How much would you be willing to pay for a service that allows you to watch other people play video games? Well if you’re Google, the answer is a cool US$1-billion.
Yup, the internet giant is reportedly looking at a deal that would see it take ownership of Twitch.tv, the online video service that allows people to livestream gameplay from their PCs or connected consoles.
According to Variety, the deal is pretty much wrapped up and is likely to be announced in the coming days.
If the deal does go through, the publication points out, it will be Google’s largest play in the video space since it bought YouTube for US$1.65-billion back in 2006.
Others however aren’t so sure about how done and dusted the deal really is. According to the Wall Street Journal, talks are still at an early stage and a deal isn’t imminent.
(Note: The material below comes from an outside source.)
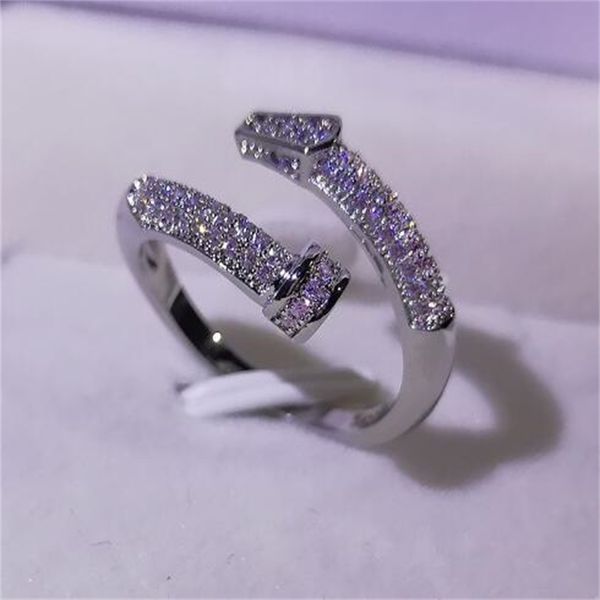 european and american fashion classic zircon nail open ring engagement wedding party jewelry gift for ladies cute/romantic ab1189, Silver
european and american fashion classic zircon nail open ring engagement wedding party jewelry gift for ladies cute/romantic ab1189, Silver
Even if both parties want a deal to go through though, it’ll most likely face heavy scrutiny from US regulators keen to ensure that it doesn’t damage competitiveness in the online video space.
Founded in 2011, Twitch claims to have around 45-million users with one-million or so members who upload videos every month.
YouTube meanwhile is far and away the most popular online video property on the web, laying claim to more that a billion active users. A buyout of Twitch would therefore raise serious questions about its intentions for the space.
As TechCrunch points out, Twitch has a fairly interesting history.
The company grew out of Justin.tv, a livestreaming service that was primarily designed to allow people to livestream from their webcams. Twitch founders Justin Kan and Emmett Shear noticed how popular the site’s gaming channels were and decided to spin that section into a site of its own.